A home inspection is the examination of a home, from top to bottom. Just like a routine physical that will alert you to any hidden health problems, an inspection will reveal if a home's structure or if any of its systems are in need of significant repair. Purchasing a home is a big investment -- you're likely to be spending thousands of dollars to buy your new home -- so, you'll want to be sure that your purchase is a smart one. (And that you don't buy the real estate equivalent of a lemon.)
In fact, 99% of all agents counsel their clients to have a home inspection performed of homes they are looking to buy.
When you hire an inspector, look to hire the best -- it only make sense, since buying a home can be an expensive endeavor.
Look to get a professional who's knowledgeable about a home's system -- that person is likely to be a licensed professional engineer (PE). You can search for a PE in your area on Nabie.org, the website for the National Academy of Building Inspection Engineers. You may also want to check up on inspectors you're considering on sites like the Better Business Bureau and Angie's List.

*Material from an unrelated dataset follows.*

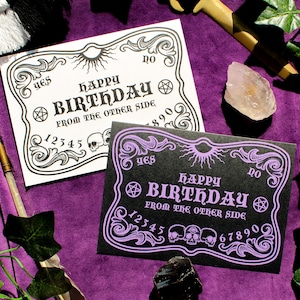 Cartão de feliz aniversário cartão ouija placa de aniversário cartão postal cartão de aniversário espiritual cartão de bruxa cartão de presente de aniversário gótico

A home inspector will conduct a visual inspection of the home, from the roof to the foundation. He will examine the roof, attic, insulation, the home's heating and air-conditioning systems, the plumbing and electrical systems, walls, ceilings, floors, windows, the basement and the foundation. The exterior of the home will also be inspected, taking into account factors like the condition of the driveway, fences, sidewalks, grading of the property, etc.
The average inspection of a single-family home should take two to three hours, according to hud.gov, the website for the U.S. Department of Housing and Urban Development.
The fee for a home inspection can vary widely, depending on your home's location, size, age and the services being performed -- e.g., if there is a septic system that needs to be inspected, or if the home is being checked for radon. Typically, a home inspection for a single-family house will fall within the range of $300 to $500, according to hud.gov.
A quality home inspector will provide a printed (not hand-written) copy of the results. Ask any inspector you're thinking of hiring about what kind of report he will provide and exactly what will be covered in the report. The report should note what systems in the home are defective and what needs repair. Also ask how long it will take for your inspector to get the report to you.
Your inspection report should reveal the overall condition of the home, what repairs are needed, the severity of the needed fixes and their potential cost. You can then use the results of the inspection to determine your next step -- e.g., if you're happy with the home as it is, or if you want to negotiate with the seller to complete some fixes or lower the price on the property.